I said that the filters are only applied if the score is not zero - that's how it appears in the logs. So a score of 0 for one filter doesn't lower the final score (but a score of 1 does). Is that right? seems odd.
Regular expressions for the custom filter are PCREs, right?
The DSBL list has been replaced by SURBL?
#10
Thanks for all your effort on stabilizing this module on Drupal 6, and on documenting it! This is wonderful to see!
> Weights on filters obviously decides which filters get applied first, but does this have
> any real effect? Don't all the filters get applied anyway?
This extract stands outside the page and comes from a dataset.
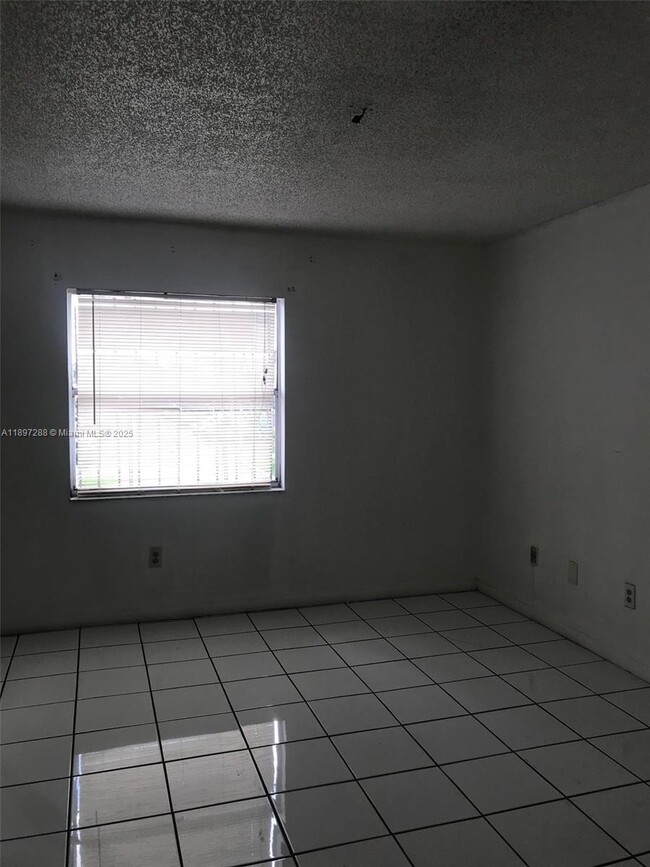 Building Photo - 4140 W 11th Ln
I believe currently all filters do get applied anyway, correct. However, the intention is to add an option so that any filter could mark given content as spam if over a certain threshold, bypassing the rest of the filters. The idea was to make this an optional per-filter setting. (For example, if the link filter find 100+ links, and after it runs it finds a spam score >90, it may want to "short circuit" the filtering system and just mark the content as spam rather than passing it along to be tokenized and run through the Bayesian filter, etc.)
> I said that the filters are only applied if the score is not zero - that's how it appears in the logs. So a score of
> 0 for one filter doesn't lower the final score (but a score of 1 does). Is that right? seems odd.
That is correct and by design. There are some filters that can really only determine "this content is spam", but they can't determine "this content is not spam". In the former case, they return "99". In the latter case they return "0" to avoid affecting the spam score.
> Regular expressions for the custom filter are PCREs, right?
That is correct.
> The DSBL list has been replaced by SURBL?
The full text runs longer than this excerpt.